The patch itself is quite straighforward and obviously okay. I have
several comments around wording, formatting and the test case.
I'll paste the commit from the updated branch to comment it inline.
> commit ddc51e76469f86b29ba0c37c6e2911bbba569bdb
> Author: Olga Arkhangelskaia <arkholga@tarantool.org>
> Date: Wed Feb 5 14:05:25 2020 +0300
>
> json: fix silent change of global json settings
'global' is not precise term here: it can be arbitrary json
(de)serializer instance (created by json.new()), not necessarily the
default one. It is better to say 'instance options'. Something like
"don't spoil instance options with per-call ones".
>
> When json.decode is used with 2 arguments, 2nd argument seeps out to global
> json settings. Moreover, due to current serializer.cfg implementation it
Same for 'global'.
> remains invisible while checking settings by json.cfg. To prevent such
> behaviour we stop writing to global serializer struct and use local one,
> to get one-time action.
> As was mention before json.cfg can not be trusted in this case, so to check that
> everything remained unchanged we call decode twice with and without 2nd
> argument.
Didn't get the second paragraph. Is it about the test? We usually don't
describe tests in commit messages, but rather provide comments in the
code of a test when it is necessary.
Please, mention the commit where the degradation occurs (see [2] for
example).
>
> Closes #4761
Several nits:
* Fit a commit body within 72 symbols.
* It is better to split paragraphs with an empty line.

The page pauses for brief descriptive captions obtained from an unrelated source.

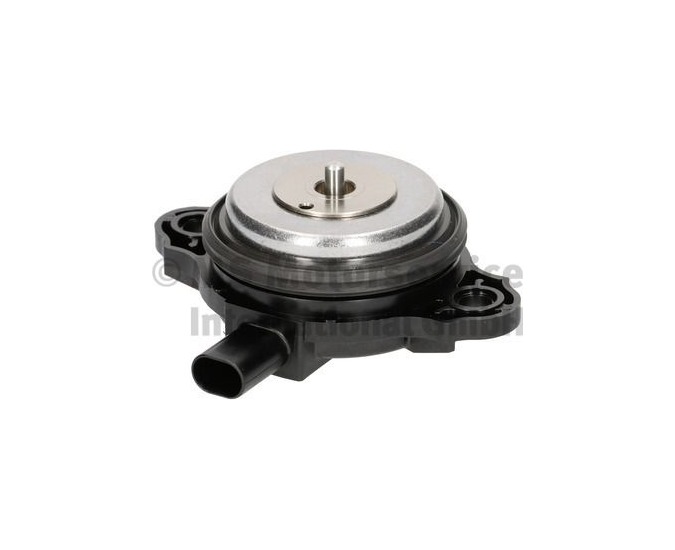 BMW N20 N26 Eksantrik Ayar Mıknatısı 7.06117.29.0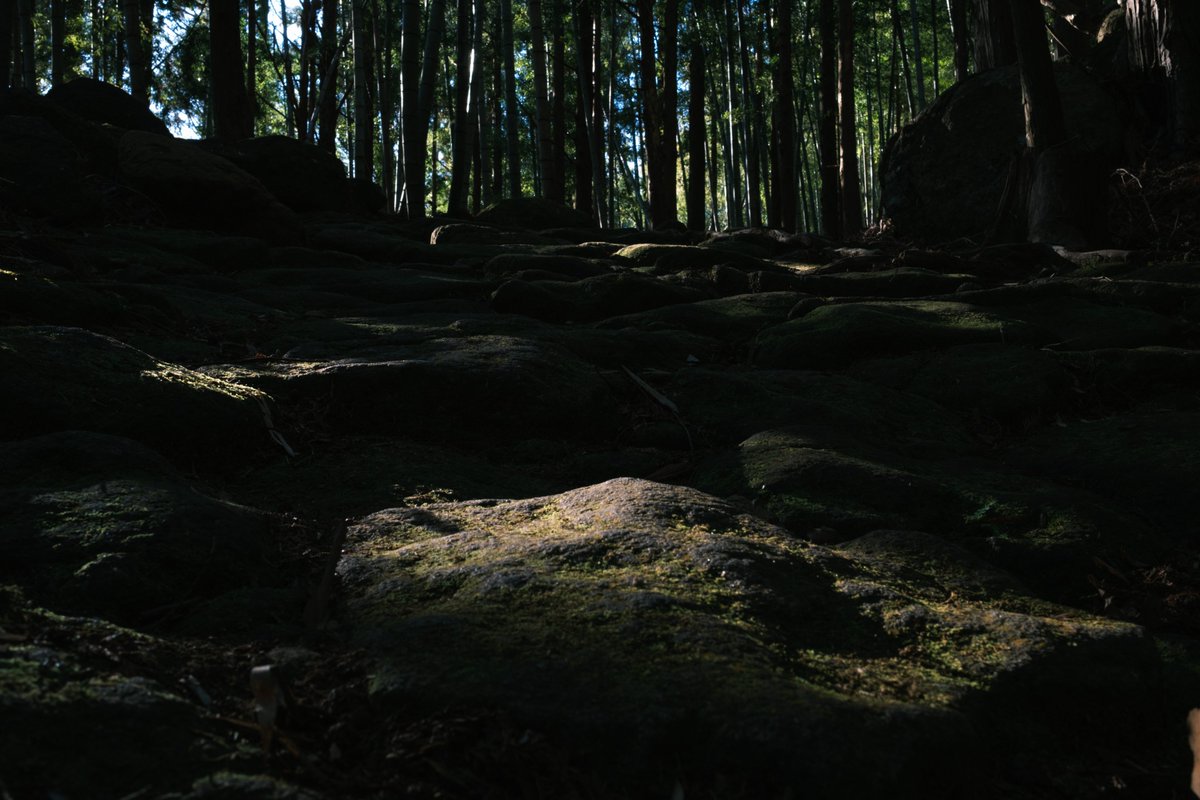 almightygenera1's tweet image. 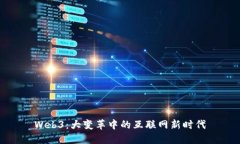 Web3：大变革中的互联网新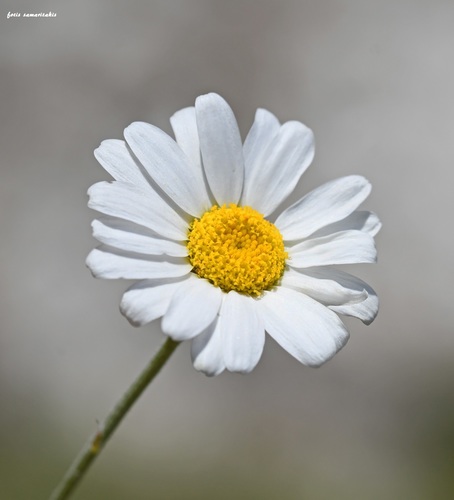 Anthemis (Chamomiles) (alternate view 6)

See [1] for formal rules and examples.
[1]: https://www.tarantool.io/en/doc/1.10/dev_guide/developer_guidelines/
[2]: https://github.com/tarantool/tarantool/commit/ccacba28f813fb99fd9eaf07fb41bf604dd341bc
>
> diff --git a/test/app-tap/json.test.lua b/test/app-tap/json.test.lua
> index fadfc74ec..a6b36ff3d 100755
> --- a/test/app-tap/json.test.lua
> +++ b/test/app-tap/json.test.lua
> @@ -22,7 +22,7 @@ end
>
> tap.test("json", function(test)
> local serializer = require('json')
> - test:plan(40)
> + test:plan(41)
>
> test:test("unsigned", common.test_unsigned, serializer)
> test:test("signed", common.test_signed, serializer)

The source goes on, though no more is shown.